崖の上の修道院 モンセラートの巻

Travel Abroad

バルセロナから電車で1時間ほど揺られたところにモンセラートという場所があります。切り立った崖の上に建てられた修道院があると知って訪れてみることにしました。

俗世から離れ、人の生活の光も音も届かないところで、孤独の祈りを捧げる。谷を通り抜ける風の音だけが聞こえてくるツンとした風の中に、敬虔な修道士の祈りの姿が想起されます。私にはこういう際立った環境に自分を置いてみたいという修道士の気持ちが分からなくもないです。

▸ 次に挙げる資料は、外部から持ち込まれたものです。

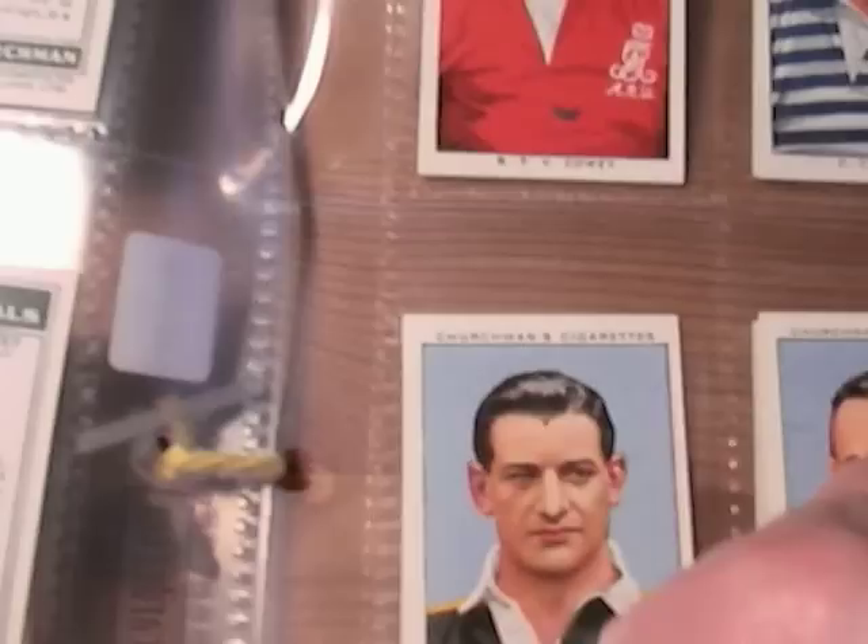I got the set in a collection from an elderly gentleman who was a bit of a perfectionist — he always wanted these cards in as mint a condition as possible.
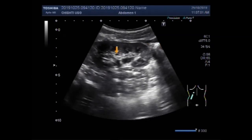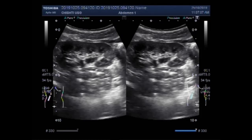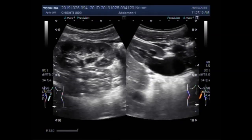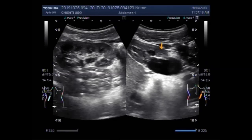You can see this is the left kidney and it looks echoarchitecturally normal. Now you are going to see the right kidney, and you can see there is gross hydronephrosis but no hydroureter is seen.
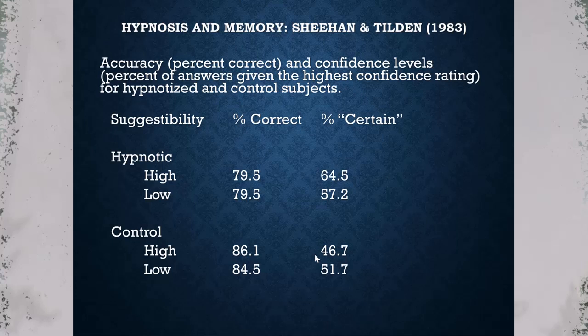This disconnect between accuracy and confidence shouldn't be surprising given what we know about meta-memory — we're often not in touch with our own memories. This is a case of overconfidence, which is why we collect both accuracy and confidence ratings at the same time.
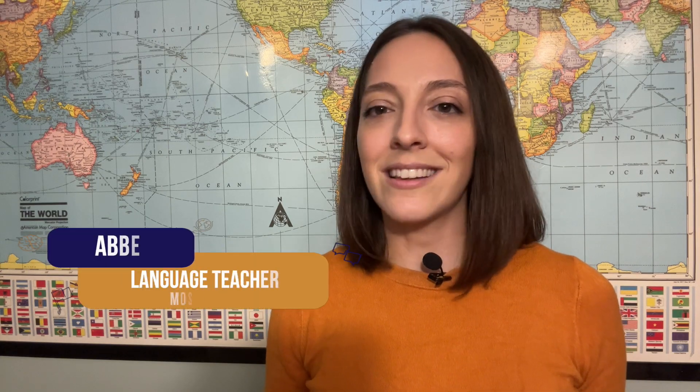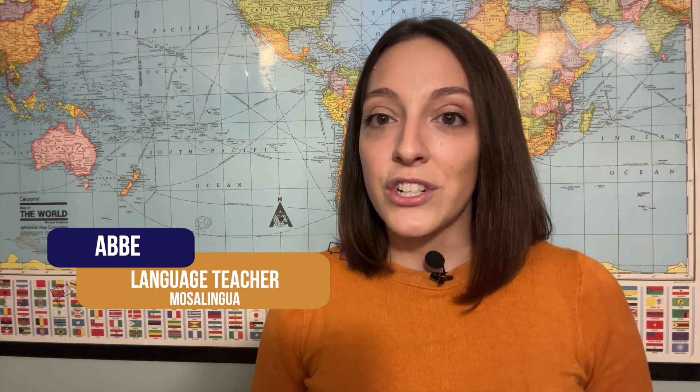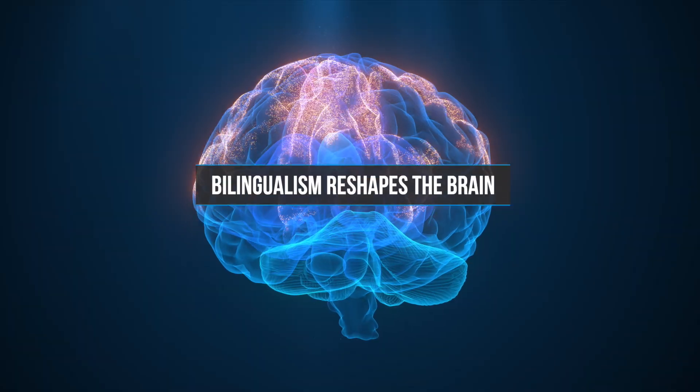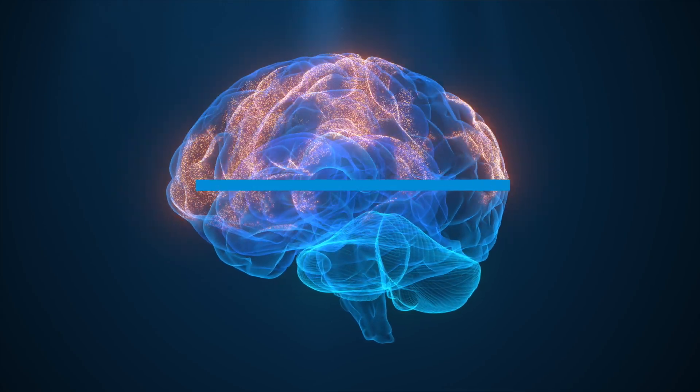First things first, what exactly happens to your brain when you become bilingual? According to research, learning and using more than one language from an early age can significantly influence your brain structure and function. Studies using brain imaging techniques have shown that bilingualism literally changes the shape of your brain, particularly in areas related to language and executive functioning.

私はロンドンに住んでいるので、数でいえば何十という教会の戸をくぐり、聖堂の天井絵画を見て、また修道院の匂いを嗅いできました。

祈りとは何なのでしょう?

私たち側の世界。「古池や蛙飛びこむ水の音」。古い池に蛙が飛び込む音が聞こえてきたという単純な句に私たちは深遠な禅の世界を見出しますが、それはむしろ日常ではなぜかその音は聞こえないという反語表現になっています。私はどこかで気づいているように思います。私たちは、日々、方程式の解を解いているのではなくて、私たちはすでに解を持っていて、それを満たす方程式を作っているのではないかと。なぜ祈る時に、なぜ禅の時に、私たちは目を瞑るのか。それは視覚という最大の感覚を切るためなのか?いや、それは見る必要がないからではないか?と。

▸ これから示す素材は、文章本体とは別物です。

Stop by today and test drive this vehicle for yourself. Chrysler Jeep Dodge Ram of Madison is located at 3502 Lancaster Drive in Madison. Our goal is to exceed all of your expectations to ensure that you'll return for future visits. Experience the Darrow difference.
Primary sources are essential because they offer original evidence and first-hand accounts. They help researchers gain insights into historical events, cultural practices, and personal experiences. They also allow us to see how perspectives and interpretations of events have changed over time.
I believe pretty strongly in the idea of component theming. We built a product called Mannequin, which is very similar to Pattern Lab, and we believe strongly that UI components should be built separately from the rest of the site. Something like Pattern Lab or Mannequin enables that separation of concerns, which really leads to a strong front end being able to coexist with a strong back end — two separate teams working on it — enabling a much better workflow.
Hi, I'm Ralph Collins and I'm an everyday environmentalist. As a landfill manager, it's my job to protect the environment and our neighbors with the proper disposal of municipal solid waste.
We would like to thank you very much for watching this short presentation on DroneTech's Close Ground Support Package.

「西暦880年のとある土曜日、羊飼いたちが岩山から強い光が放たれているのを見つけた。その後も土曜日になると繰り返し強い光が見られたため、光をたどってみたところ洞窟の中で聖母子像を見つけた。現在では「黒いマリア像」(Virgen de Montserrat)と呼ばれている聖母子像である。」このモンセラートの聖堂の中にこの黒いマリア像があります。

先日、ある手記を読みました。自分を取り巻く時間において、「過去」は他人用の自分の時間で、「将来」は自分用の自分の時間 だと書かれていました。はっとする感覚を得ました。

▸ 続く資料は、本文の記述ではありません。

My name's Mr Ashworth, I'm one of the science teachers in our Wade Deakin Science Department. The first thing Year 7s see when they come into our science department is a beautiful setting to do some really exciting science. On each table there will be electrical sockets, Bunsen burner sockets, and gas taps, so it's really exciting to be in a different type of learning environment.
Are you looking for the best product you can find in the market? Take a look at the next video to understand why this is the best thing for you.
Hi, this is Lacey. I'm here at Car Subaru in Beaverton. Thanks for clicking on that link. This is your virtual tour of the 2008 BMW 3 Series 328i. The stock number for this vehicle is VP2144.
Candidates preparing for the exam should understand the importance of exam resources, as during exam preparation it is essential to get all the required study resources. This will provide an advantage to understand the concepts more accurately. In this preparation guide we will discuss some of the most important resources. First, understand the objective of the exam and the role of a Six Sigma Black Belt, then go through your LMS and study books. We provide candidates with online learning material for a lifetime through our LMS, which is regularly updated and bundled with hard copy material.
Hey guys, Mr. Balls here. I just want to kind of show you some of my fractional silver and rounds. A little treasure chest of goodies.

過去の積み上げで自分という基礎を保っていることもあるし、または積み上がった過去を振り返ってやっと自分で自分を認識する面もあります。そういう面も確かにあります。しかし自分の人生が残り数日となった時に、私は将来の数日の方に本当の自分の時間を見つける気がします。他人の評価から解放され、社会の膜から解放されるのは、まさに前方に拡がる時間です。

祈りは、そのような極限の日を待たず、ごく普通の日常において、絶対の存在である神から承認を賜る行為なのではないでしょうか?祈りは社会からの評価を離れ、絶対の存在である神から承認を賜る行為なのではないでしょうか?